Jim was available to his staff 24/7. And I mean that literally, he built his home on the campus of the company, so it was very difficult to be at work before him or to leave before he left. He showed commitment. For me as a young manager in my late 20s, just arrived off the boat from England (a plane actually) Mr. Meadlock epitomized American ingenuity, commitment, and doggedness. He would not ask his staff to do any more than he was willing to do himself, but he set an amazingly high bar.

For myself who hadn’t really had much in the way of encouragement or mentoring from my own father Jim Meadlock was someone I really looked up to. I realize now some 40 years later that Jim had actually taken me under his wing. 

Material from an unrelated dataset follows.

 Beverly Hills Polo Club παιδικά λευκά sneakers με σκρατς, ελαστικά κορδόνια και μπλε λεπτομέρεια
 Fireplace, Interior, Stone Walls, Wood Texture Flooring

Well, he could never be really described as a touchy-feely person, when I canceled a project the company had been working on shortly after my arrival, instead of chastising me for the problems Jim gave me a $5,000 bonus (in 1984) for the money that was going to be saved by not continuing a project that was never going to be successful commercially. He taught me those hard decisions, even ones that people don’t want to hear, can be rewarded when they are based on the truth. 

Most weekends while I was at Intergraph, were spent working in some way shape, or form, we could not do remote working back in those days so it meant that I went to the office, and my long-suffering wife and children missed me many Saturdays and Sundays. 

However, being there at the weekend gave me one, wonderful, opportunity. The chance to have some one-on-one time with the King (Jim Meadlock). The important strategic issue that I wanted to make sure was brought to his attention, would be done by me either going to his office (which always had an open door), or meeting him on the premises as he looked around to see how things were going for those there put in the extra hours in.

I realize now these audiences with him were very sustaining. And even though I never knew anything about Jim’s spiritual disposition, I knew he was committed to the company the care of the staff, and moving the needle in the technology space. He was willing to take risks. Big risks. Sometimes they would pay off, sometimes not. But Jim Meadlock taught me to go bold or stay home. 

When I would meet him on the road at a conference or event they brought me to his room in the hotel and he and his wife Nancy, and I, shared a meal together. They were my mentors, and perhaps, the parents of whatever entrepreneur sat inside me.

I wonder if you have anyone who has influenced you, perhaps the mentoring was done in an indirect way, I like to think the Jim and Nancy knew what they were doing when they looked after me, and my young family just arrived in the United states. Something to consider for your journey this week.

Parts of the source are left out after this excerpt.